Qual startup não gostaria de ter o poder do Estado atuando para garantir a tração inicial e a comprovação da solução proposta de seu negócio? E depois de validado poder monetizar vendendo a solução para outros agentes (seja ele outras unidades da federação ou para o setor privado).

Quanto a exploração de dados, em bases legais e éticas, não poderia valer para gerar outros negócios? No exemplo dos medicamentos, ter informações de valor para indústrias farmacêuticas, seguradoras, planos de saúde, ou mesmo informação para centros de pesquisa.

Existe uma discussão de que, ao fazer um movimento desse tipo, o Estado estaria entregando dados ao mercado que o capturariam e, no limite, dificultariam o acesso da população a remédios necessários. Tal discussão não observa a Nova Economia, nosso atual momento histórico, no qual os dados estão cada vez mais disponíveis e que a transparência é um valor e os dados públicos cada vez devem estar mais acessíveis.

Estamos falando de uma janela de oportunidade de grande valor a ser aproveitado.  Um ativo derivado de serviços prestados pelo Estado e formas de fazê-lo que gerem valor público.

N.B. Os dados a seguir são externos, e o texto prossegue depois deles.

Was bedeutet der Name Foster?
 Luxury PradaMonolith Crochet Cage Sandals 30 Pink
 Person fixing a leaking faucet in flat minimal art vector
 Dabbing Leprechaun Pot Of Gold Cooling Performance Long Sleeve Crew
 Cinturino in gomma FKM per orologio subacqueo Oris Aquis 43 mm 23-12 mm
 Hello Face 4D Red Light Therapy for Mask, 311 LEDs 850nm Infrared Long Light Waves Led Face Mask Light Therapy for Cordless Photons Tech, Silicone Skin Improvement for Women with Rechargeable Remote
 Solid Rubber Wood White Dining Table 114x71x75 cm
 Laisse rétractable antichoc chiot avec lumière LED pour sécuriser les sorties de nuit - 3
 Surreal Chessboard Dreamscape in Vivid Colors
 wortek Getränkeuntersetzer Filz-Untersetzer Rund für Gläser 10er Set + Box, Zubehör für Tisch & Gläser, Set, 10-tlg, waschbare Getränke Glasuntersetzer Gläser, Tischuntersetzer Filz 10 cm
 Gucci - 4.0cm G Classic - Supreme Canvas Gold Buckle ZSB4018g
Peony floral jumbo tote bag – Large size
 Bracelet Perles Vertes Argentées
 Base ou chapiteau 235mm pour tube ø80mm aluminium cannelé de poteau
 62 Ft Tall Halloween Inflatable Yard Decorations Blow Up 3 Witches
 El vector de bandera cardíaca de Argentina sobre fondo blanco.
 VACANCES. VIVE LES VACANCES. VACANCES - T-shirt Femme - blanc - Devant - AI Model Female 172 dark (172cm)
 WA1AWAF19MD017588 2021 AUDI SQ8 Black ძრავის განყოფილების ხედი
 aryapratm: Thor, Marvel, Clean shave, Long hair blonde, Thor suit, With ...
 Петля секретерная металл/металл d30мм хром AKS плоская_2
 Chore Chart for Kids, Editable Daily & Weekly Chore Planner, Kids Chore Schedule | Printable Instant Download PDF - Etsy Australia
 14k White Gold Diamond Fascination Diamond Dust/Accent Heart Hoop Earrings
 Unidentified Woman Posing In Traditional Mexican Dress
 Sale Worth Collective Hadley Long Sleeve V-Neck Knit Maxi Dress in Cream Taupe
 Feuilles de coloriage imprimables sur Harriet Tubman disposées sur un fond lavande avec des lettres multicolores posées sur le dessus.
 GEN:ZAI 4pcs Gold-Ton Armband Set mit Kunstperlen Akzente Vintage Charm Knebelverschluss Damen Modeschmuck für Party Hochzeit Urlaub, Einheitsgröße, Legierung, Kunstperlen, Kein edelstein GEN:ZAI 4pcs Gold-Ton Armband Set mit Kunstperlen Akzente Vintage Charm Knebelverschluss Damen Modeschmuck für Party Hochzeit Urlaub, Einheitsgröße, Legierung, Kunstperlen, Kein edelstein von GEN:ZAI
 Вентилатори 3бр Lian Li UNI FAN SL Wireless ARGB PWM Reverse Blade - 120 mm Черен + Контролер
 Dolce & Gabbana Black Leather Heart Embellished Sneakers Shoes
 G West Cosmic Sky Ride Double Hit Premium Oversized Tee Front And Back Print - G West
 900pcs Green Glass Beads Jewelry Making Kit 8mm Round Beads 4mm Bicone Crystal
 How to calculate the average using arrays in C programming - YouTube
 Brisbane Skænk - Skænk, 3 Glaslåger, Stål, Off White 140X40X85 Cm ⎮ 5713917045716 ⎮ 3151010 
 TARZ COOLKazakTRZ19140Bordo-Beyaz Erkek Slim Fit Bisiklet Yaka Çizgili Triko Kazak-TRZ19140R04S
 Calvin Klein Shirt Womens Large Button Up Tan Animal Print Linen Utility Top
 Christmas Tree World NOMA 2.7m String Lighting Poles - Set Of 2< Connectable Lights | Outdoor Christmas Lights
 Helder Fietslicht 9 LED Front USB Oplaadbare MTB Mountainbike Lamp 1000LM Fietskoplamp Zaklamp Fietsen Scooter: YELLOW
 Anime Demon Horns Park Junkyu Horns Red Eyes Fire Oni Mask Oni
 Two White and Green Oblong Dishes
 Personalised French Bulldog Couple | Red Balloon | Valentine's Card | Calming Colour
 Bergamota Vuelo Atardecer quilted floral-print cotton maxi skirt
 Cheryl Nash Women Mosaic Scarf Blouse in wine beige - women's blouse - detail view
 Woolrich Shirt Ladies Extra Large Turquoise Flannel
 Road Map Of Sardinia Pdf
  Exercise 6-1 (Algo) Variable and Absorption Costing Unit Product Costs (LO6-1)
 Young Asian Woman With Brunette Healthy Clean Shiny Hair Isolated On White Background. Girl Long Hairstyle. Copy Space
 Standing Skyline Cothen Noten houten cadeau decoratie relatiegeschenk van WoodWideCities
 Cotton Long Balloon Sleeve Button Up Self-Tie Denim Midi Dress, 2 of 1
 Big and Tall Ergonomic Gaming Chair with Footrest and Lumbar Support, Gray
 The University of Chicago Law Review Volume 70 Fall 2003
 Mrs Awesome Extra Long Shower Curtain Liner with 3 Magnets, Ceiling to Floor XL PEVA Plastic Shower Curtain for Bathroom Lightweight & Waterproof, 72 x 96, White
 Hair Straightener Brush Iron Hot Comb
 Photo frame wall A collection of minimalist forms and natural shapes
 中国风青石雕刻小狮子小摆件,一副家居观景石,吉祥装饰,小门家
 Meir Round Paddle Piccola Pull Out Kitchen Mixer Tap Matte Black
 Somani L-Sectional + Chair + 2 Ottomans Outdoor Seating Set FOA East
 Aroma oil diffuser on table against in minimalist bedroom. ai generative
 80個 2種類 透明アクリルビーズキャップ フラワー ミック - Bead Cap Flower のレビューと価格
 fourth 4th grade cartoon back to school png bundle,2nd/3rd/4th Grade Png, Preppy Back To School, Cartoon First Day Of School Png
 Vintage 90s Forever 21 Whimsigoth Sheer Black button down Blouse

Existe espaço para se ganhar eficiência na aproximação dos problemas de gestores públicos com a capacidade de empreender e o apetite a risco de investidores de startups. O cenário desse ecossistema no país tende a se fortalecer e é necessário pensar diferente.

Enfim, existe um infinito de possibilidades para se pensar fora da caixa na ótica de parcerias entre público e privado. Tudo envolvendo grande propósito e capacidade de impacto na vida das pessoas[i].

Temos de deixar de ver o governo como o pagador da conta, o investidor que assume o risco, ou o grande cliente.

Temos de buscar modelos em que o Estado é o parceiro que adiciona um ativo de tração para um novo negócio. Um parceiro que ganha um serviço de melhor qualidade ou mesmo um ativo societário de valor futuro. O Estado é uma plataforma de grande valor na Nova Economia[ii].

 

[i] A iniciativa do Brazil LAB é um passo de grande valor nessa caminhada. Caso não conheça, clique aqui.
[ii] Sobre plataformas, entendo o Governo como plataforma entre consumidores e produtores, segundo posicionamento estratégico apresentado no livro Plataformas (clique aqui). Existe também o papel de plataformas para permitir inovação segundo apresentado por Johson no livro De onde vêm as boas ideias.